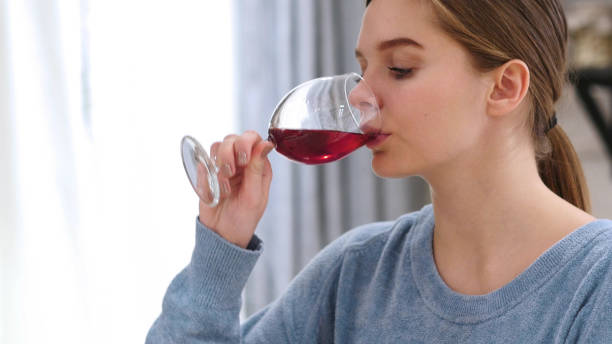 istock Beautiful Woman Drinking Wine at Home 1077314826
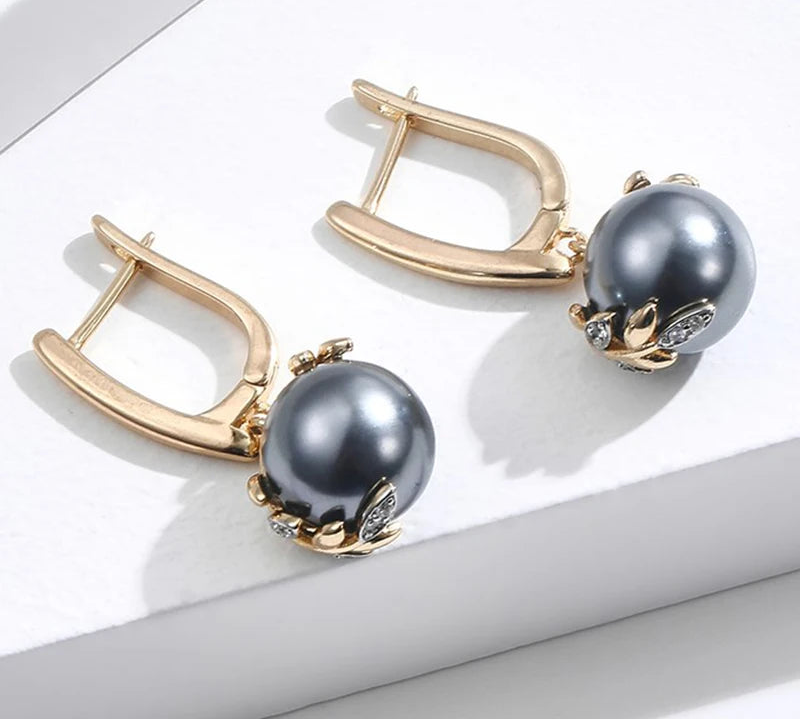 Sort Perle Øreringe med Gulddetalje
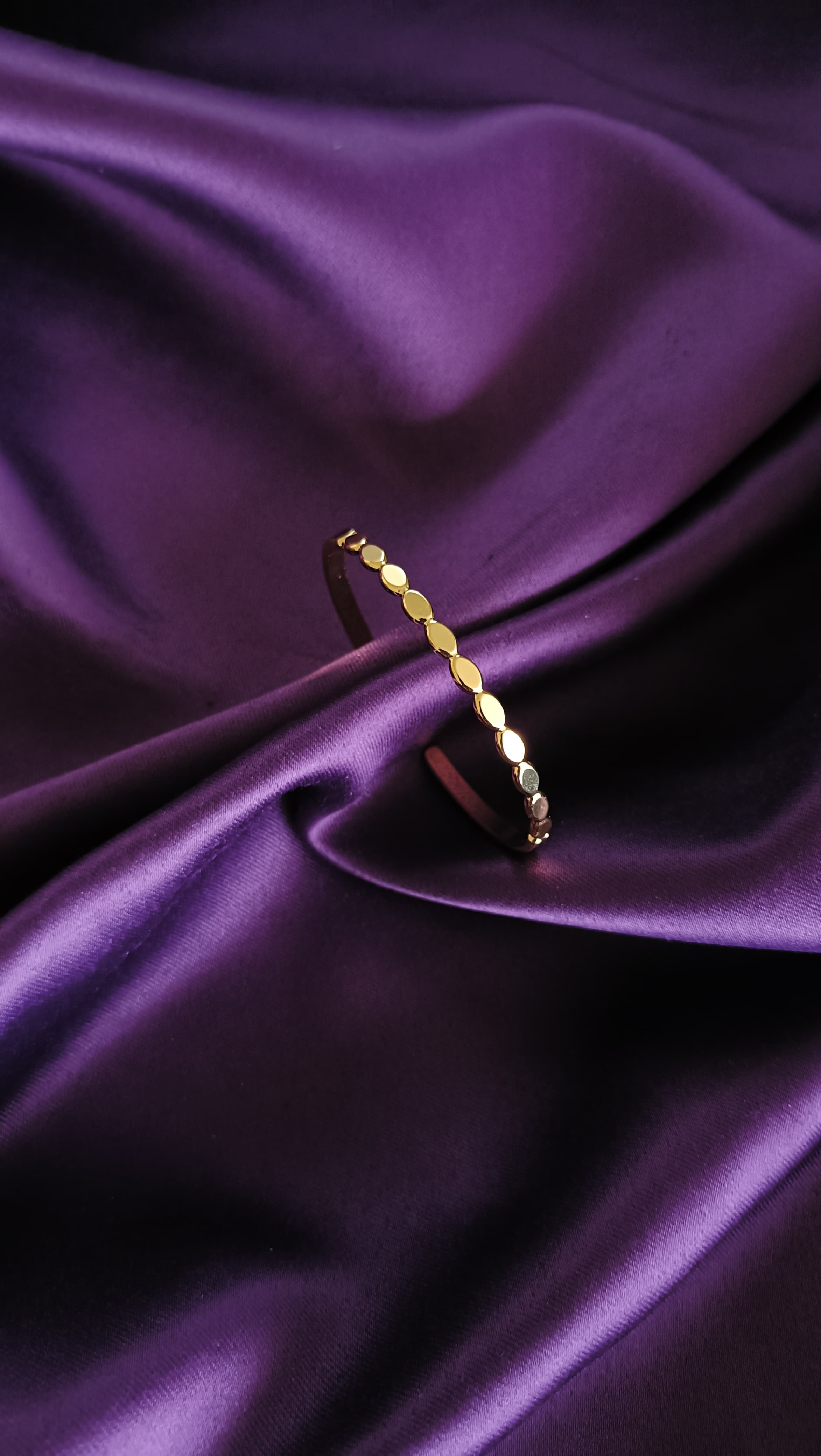 Gold Oval Disc Station Open Cuff Bracelet upright flat lay on purple fabric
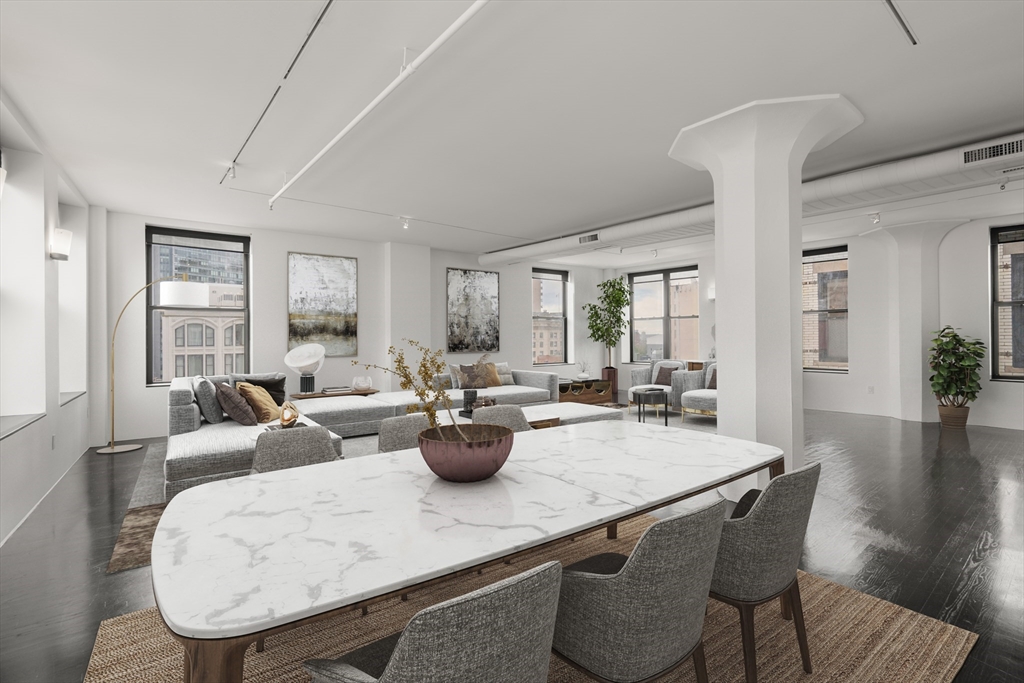 453 Washington Street, Unit 11B Boston, MA 02111 - Photo 4 of 30 a view of a dining room with furniture and wooden floor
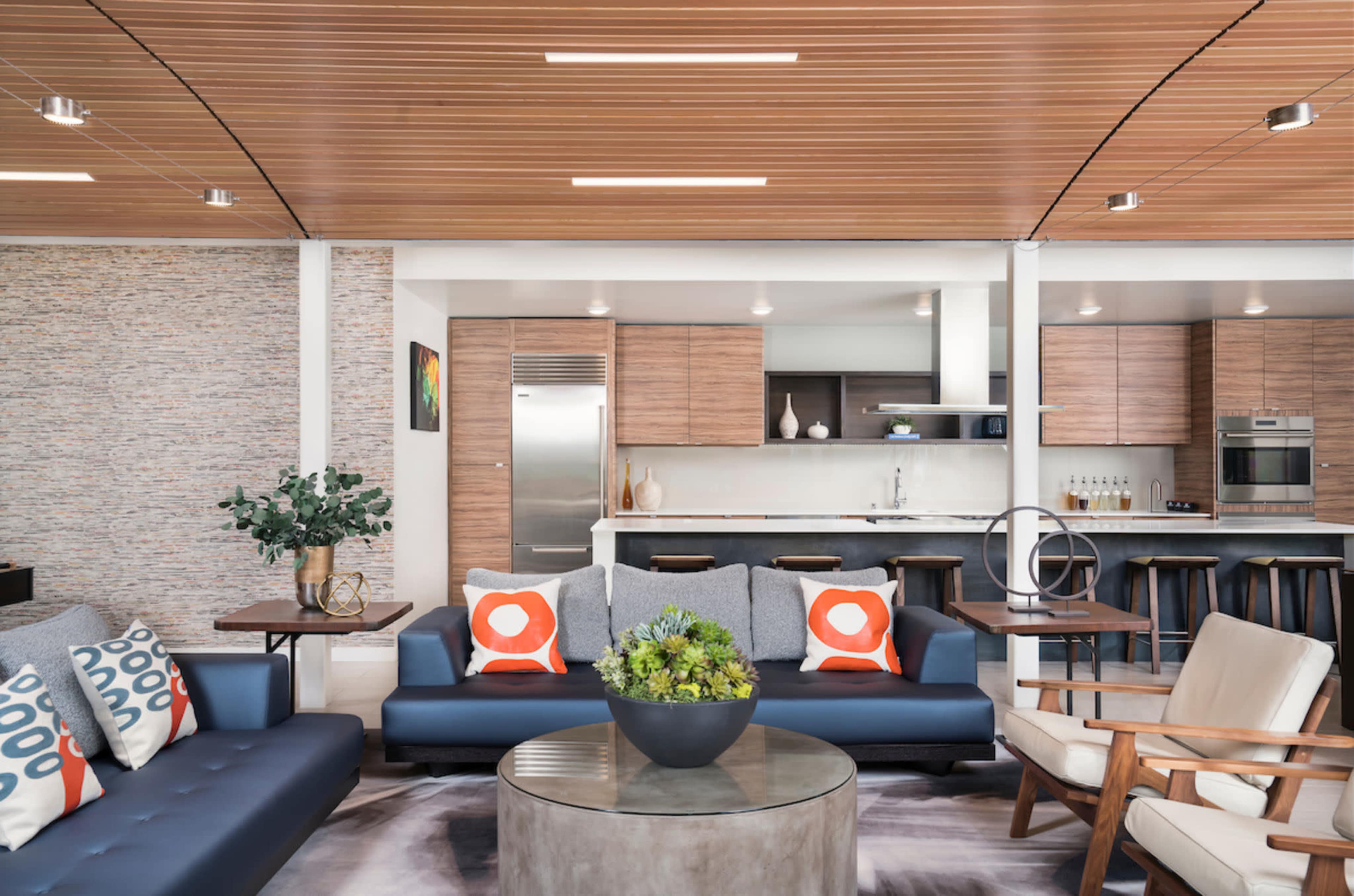 A modern living area with two sofas, a coffee table, and a kitchen in the background featuring wooden cabinetry and stainless steel appliances.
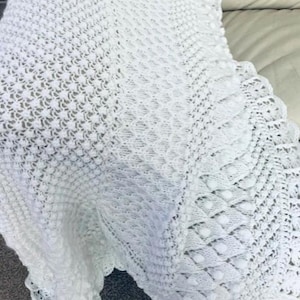 May include: White crocheted baby blanket with a delicate lace border and a textured pattern.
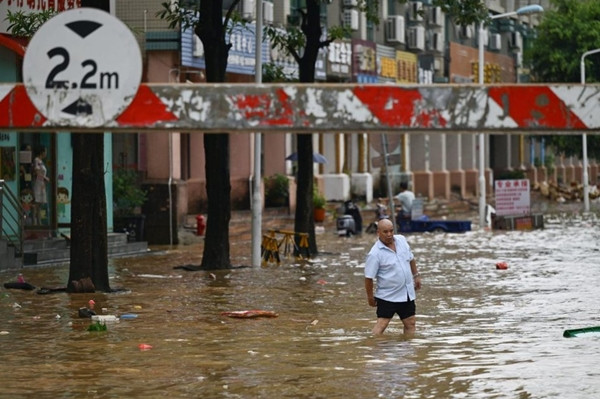 Một người dân ở tỉnh Quảng Đông lội trên phố ngập lụt hôm 17/6. Ảnh: AFP. Một người dân ở tỉnh Quảng Đông lội trên phố ngập lụt hôm 17/6. Ảnh: AFP.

════

Beginning with the line that contains "Gold Oval Disc", write out the remaining lines of the listing above through the last, exactly and only those, without pictures.

## Exercise result:
 Gold Oval Disc Station Open Cuff Bracelet upright flat lay on purple fabric
 453 Washington Street, Unit 11B Boston, MA 02111 - Photo 4 of 30 a view of a dining room with furniture and wooden floor
 A modern living area with two sofas, a coffee table, and a kitchen in the background featuring wooden cabinetry and stainless steel appliances.
 May include: White crocheted baby blanket with a delicate lace border and a textured pattern.
 Một người dân ở tỉnh Quảng Đông lội trên phố ngập lụt hôm 17/6. Ảnh: AFP. Một người dân ở tỉnh Quảng Đông lội trên phố ngập lụt hôm 17/6. Ảnh: AFP.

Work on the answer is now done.